*DATA RECORDS*
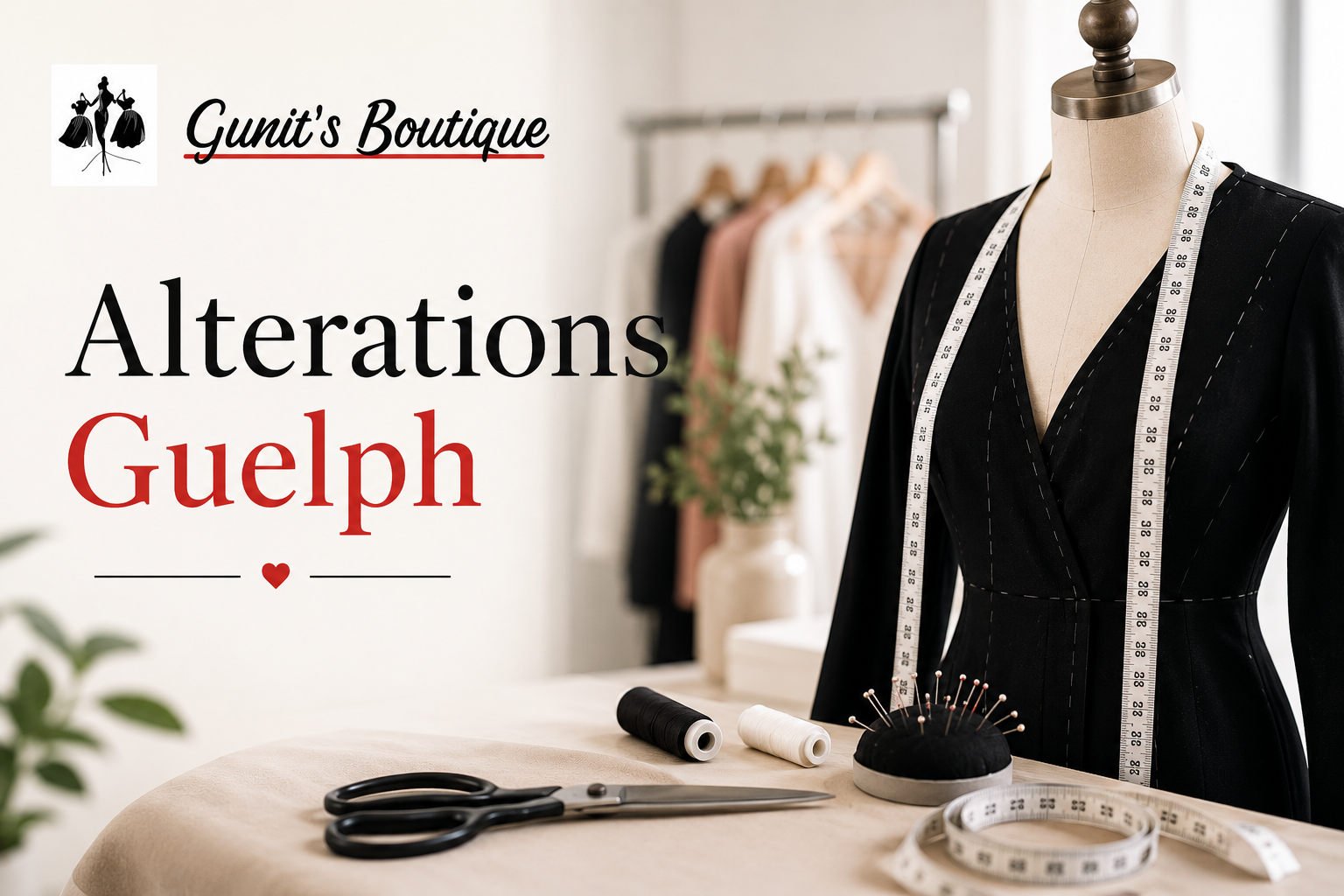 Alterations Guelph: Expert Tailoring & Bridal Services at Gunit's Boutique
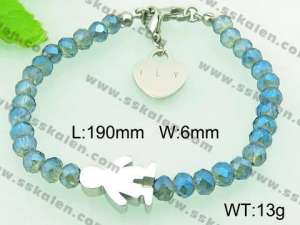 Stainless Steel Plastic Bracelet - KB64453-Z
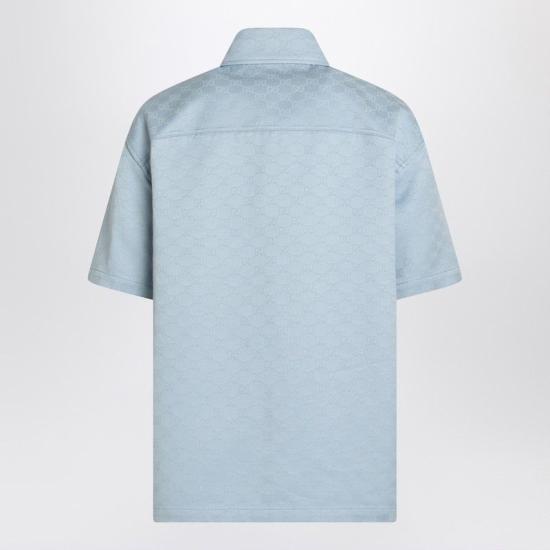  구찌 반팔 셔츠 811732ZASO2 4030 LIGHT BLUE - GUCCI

==

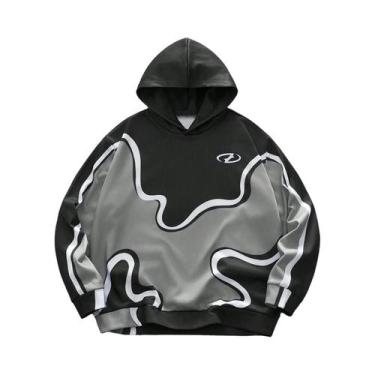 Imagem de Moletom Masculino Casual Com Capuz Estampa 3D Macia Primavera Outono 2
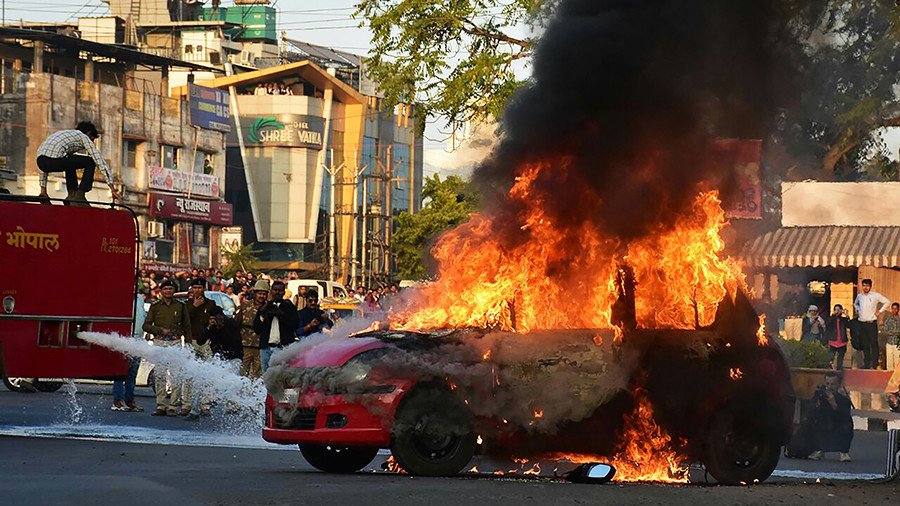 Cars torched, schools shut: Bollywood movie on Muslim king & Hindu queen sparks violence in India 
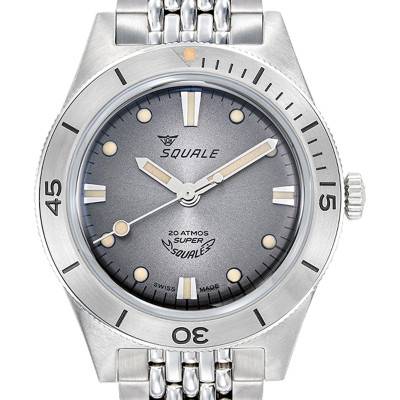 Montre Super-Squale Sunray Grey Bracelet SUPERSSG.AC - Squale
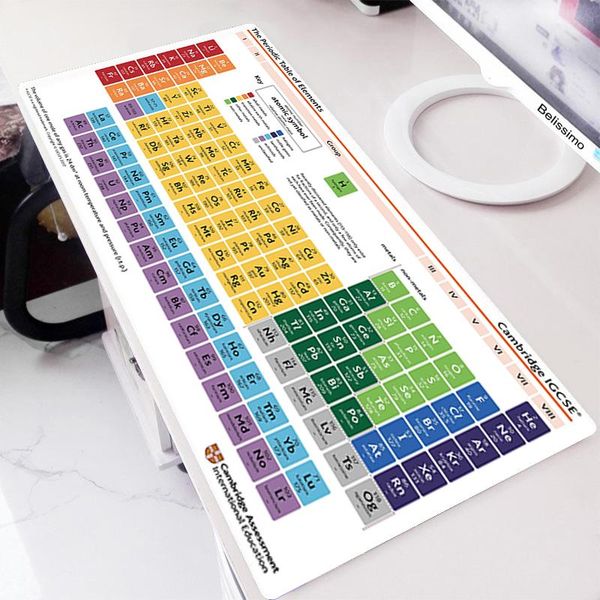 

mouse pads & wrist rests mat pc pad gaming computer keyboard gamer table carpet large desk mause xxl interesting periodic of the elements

*ASSIGNMENT*
Using the data above, set down each line from the line with "Alterations Guelph: Expert" to the line with "구찌 반팔 셔츠 811732ZASO2" exactly, both ends included, and leave the pictures behind. Nothing else belongs.

*EXERCISE ANSWER*
 Alterations Guelph: Expert Tailoring & Bridal Services at Gunit's Boutique
 Stainless Steel Plastic Bracelet - KB64453-Z
  구찌 반팔 셔츠 811732ZASO2 4030 LIGHT BLUE - GUCCI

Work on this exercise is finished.